Corse : les nationalistes célèbrent leur triomphe après « 40 ans de lutte »

Publié le

Publié le 09/12/2017 à 10:25 - Mise à jour le 09/12/2017 à 10:25

Quelques minutes avant la clôture du scrutin à 18H00, Gilles Simeoni, la tête de liste autonomiste de Pè a Corsica, fait son entrée dans le bureau de vote numéro 1 de Bastia, installé dans la mairie où il a été élu maire en 2014. 

Jean-Guy Talamoni, son allié indépendantiste, le rejoint à 18H15 et tous deux observent, le visage impassible, le dépouillement du vote. « Simeoni »!, « Simeoni! » énonce le président du bureau. 10, 20, 30, 40, 50 bulletins au nom de l’autonomiste s’accumulent alors que les trois listes concurrentes, les deux de droite de Valérie Bozzi et Jean-Martin Mondoloni et celle de La République en Marche de Jean-Charles Orsucci, peinent à faire grossir leur score.

A 18H45, le décompte est terminé dans ce petit bureau de vote et le couperet tombe : 168 voix pour la liste de M. Simeoni, à peine 39 pour la suivante, la liste de droite régionaliste de Jean-Martin Mondoloni, 28 pour celle soutenue par LR de Valérie Bozzi, 27 pour la liste LREM menée par Jean-Charles Orsucci. Les applaudissements montent, Gilles Simeoni et Jean-Guy Talamoni s’embrassent et multiplient les accolades.

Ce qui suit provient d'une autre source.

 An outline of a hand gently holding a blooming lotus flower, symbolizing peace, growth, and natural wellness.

« C’est extrêmement encourageant même si ce ne sont que des résultats partiels », tente de tempérer auprès de l’AFP Jean-Guy Talamoni qui veut s’afficher méfiant même si les résultats qui pleuvent sur son portable lui tirent un sourire. Trois heures plus tard, le triomphe est confirmé : 56,5% des suffrages pour les « natios », quasiment 40 points devant la liste de M. Mondoloni.
Gilles Simeoni, à côté, a du mal à contenir sa joie. Il embrasse, serre les mains et prend des photos avec les siens.
 
Les partisans ne veulent plus attendre. Ils font sortir de la mairie les deux leaders nationalistes en les portant en triomphe sur leurs épaules agitant les drapeaux corses et entonnant des chants de victoire. A l’unisson de leurs sympathisants, Jean-Guy Talamoni et Gilles Simeoni chantent et brandissent le drapeau corse.

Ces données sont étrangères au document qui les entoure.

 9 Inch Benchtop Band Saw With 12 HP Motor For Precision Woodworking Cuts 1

Sur la place de la mairie, un chapiteau pouvant contenir un millier de personnes accueille la liesse.
« C’est beaucoup de joie, l’aboutissement d’une lutte de 40 ans pour la reconnaissance des droits du peuple corse », se félicite Anto Stagnara, chef d’entreprise trentenaire. « J’éprouve une joie intense », abonde Anne-Marie Matteï, une secrétaire de 52 ans.

« Avec eux », dit-elle en parlant des deux leaders de Pè a Corsica, « nous allons enfin pouvoir devenir la première île de Méditerranée ». « On attend ce moment depuis tellement longtemps, depuis que l’on est enfant, depuis les événements d’Aléria (l’occupation d’un domaine viticole en 1975 avait marqué la renaissance du mouvement nationaliste corse, ndlr). On a l’impression de vivre enfin, de voir reconnaître notre île, notre identité, notre culture, nos richesses », s’enthousiasme-t-elle.  

Pour Louis Martinetti, cheminot de 65 ans, cette victoire est « une marche vers l’émancipation ». Tout en se disant indépendantiste, il répète que la question « n’était pas le sujet de l’élection » et que les Corses ont voté pour « un véritable statut d’autonomie ».
Sur les trois priorités mises en avant par Jean-Guy Talamoni dans les négociations qu’il compte bien ouvrir avec Paris, –co-officialité de la langue corse, statut de résident et amnistie des prisonniers–, M. Martinetti voit la troisième comme la plus pressante. « Politiquement et affectivement, c’est celle qui compte le plus pour moi ».

« On espère vraiment que ce score sera pris en compte par Paris », veut espérer Anto Stagnara pour que « soit reconnu notre peuple ».
« Cette île a été enracinée dans la violence pendant très longtemps et aujourd’hui il était temps de construire une autre Corse sortie du clanisme et du clientélisme. Aujourd’hui c’est une vraie démarche collective au service exclusif des intérêts du peuple corse », tranche-t-il.

Dehors, des tirs de célébration résonnent dans la nuit.